Author: Angelo J. Imperiale

Towards implementing the Sendai Framework, using water as a leverage: Reflections on occasion of the 2022 International Day for Disaster Risk Reduction

Source(s): University of Groningen
A storm off the coast of Iceland as imaged by a weather satellite

Today, 13 October 2022, is the International Day for Disaster Risk Reduction (IDDRR). The IDDRR is held every 13 October and is meant to be an opportunity to acknowledge and review the progress being made by members states toward preventing and reducing disaster risk, and achieving the internationally-agreed disaster risk reduction and sustainable development goals in localities and across multiple governance levels. However, there are still cultural and political-institutional barriers that hinder members states and their civil protection systems from enhancing DRR and resilience and achieving sustainable development in localities and across multiple governance levels (Imperiale and Vanclay, 2020a, 2021a).

The 2022 IDDRR edition is a very special opportunity to enhance understanding of how to overcome these barriers and accelerate efforts toward effective institutional, political and policy changes both at the UN and members-states level. The 2022 IDDRR takes place during the Mid-term Review of the Sendai Framework, which will conclude at a High-level Meeting of the General Assembly in May 2023 with a political declaration. Will members states use this window of opportunity to understand better what are the main cultural and political-institutional barriers to DRR and sustainable development? Will they envision and implement effective institutional, political and policy changes to overcome these barriers, and achieve internationally-agreed sustainable development goals and targets?

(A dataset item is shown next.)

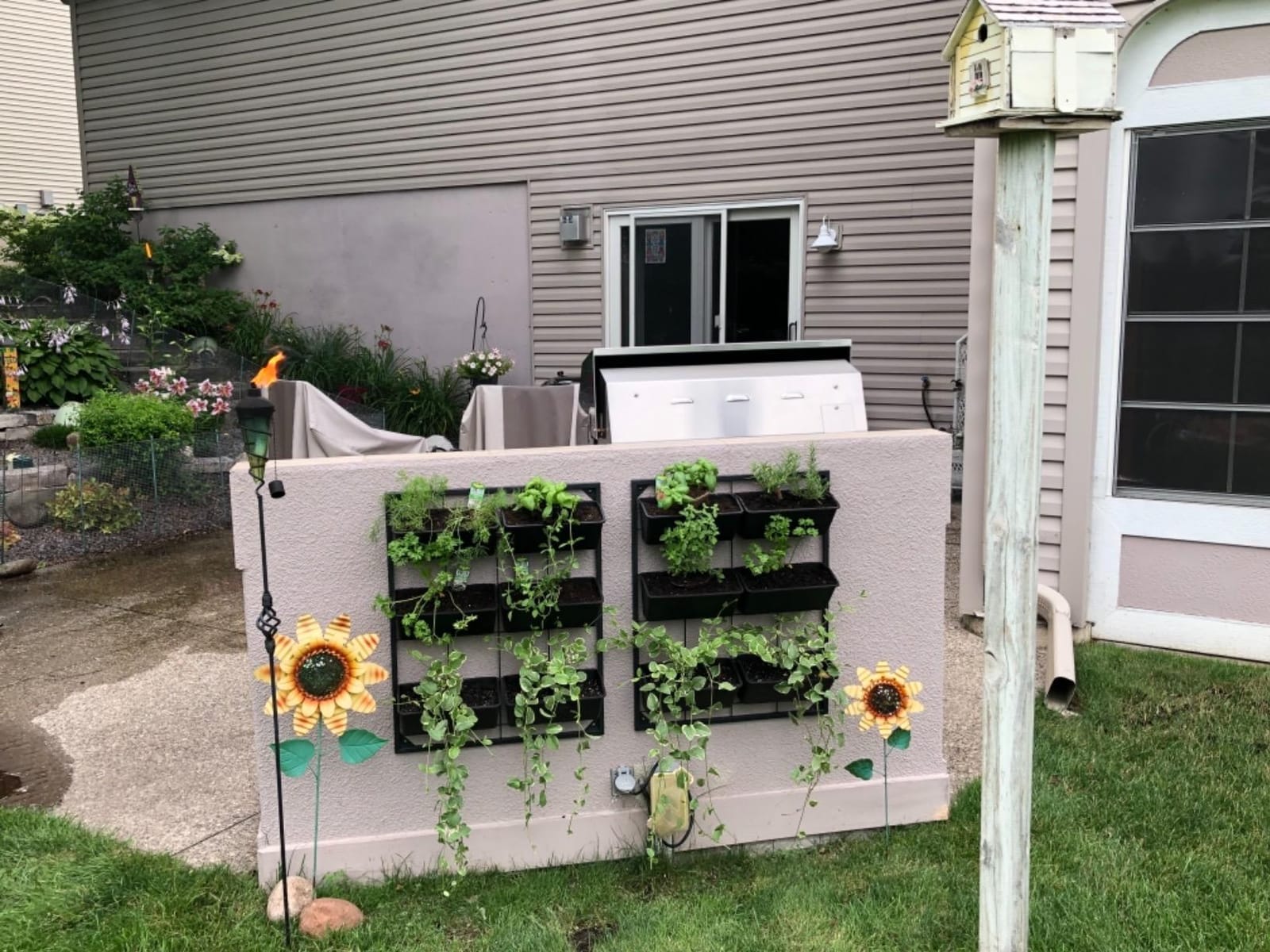 Vertical Wall Planter with 6 Removable Pots for Indoor or Outdoor | Wall mounted planter with metal frame and 6 removable self-draining pots customer photo 2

In my previous research blog articles, I highlighted the lessons that should be learned from the L’Aquila disaster (Imperiale, 2021), and summarized what the main cultural and political-institutional barriers to DRR, resilience and sustainable development are (Imperiale, 2020). In this research blog article, I briefly sketch how these barriers undermine members states’ efforts in accomplishing with their commitment in the 4 Priority Areas of the Sendai Framework. Finally, drawing on the sustainable water governance discourse, I suggest that, being water-related disasters the majority of the climate-related disasters that have occurred in the last two decades, enhancing sustainable water governance can be key to overcoming the barriers to DRR and sustainable development and accelerate efforts towards achieving sustainable development.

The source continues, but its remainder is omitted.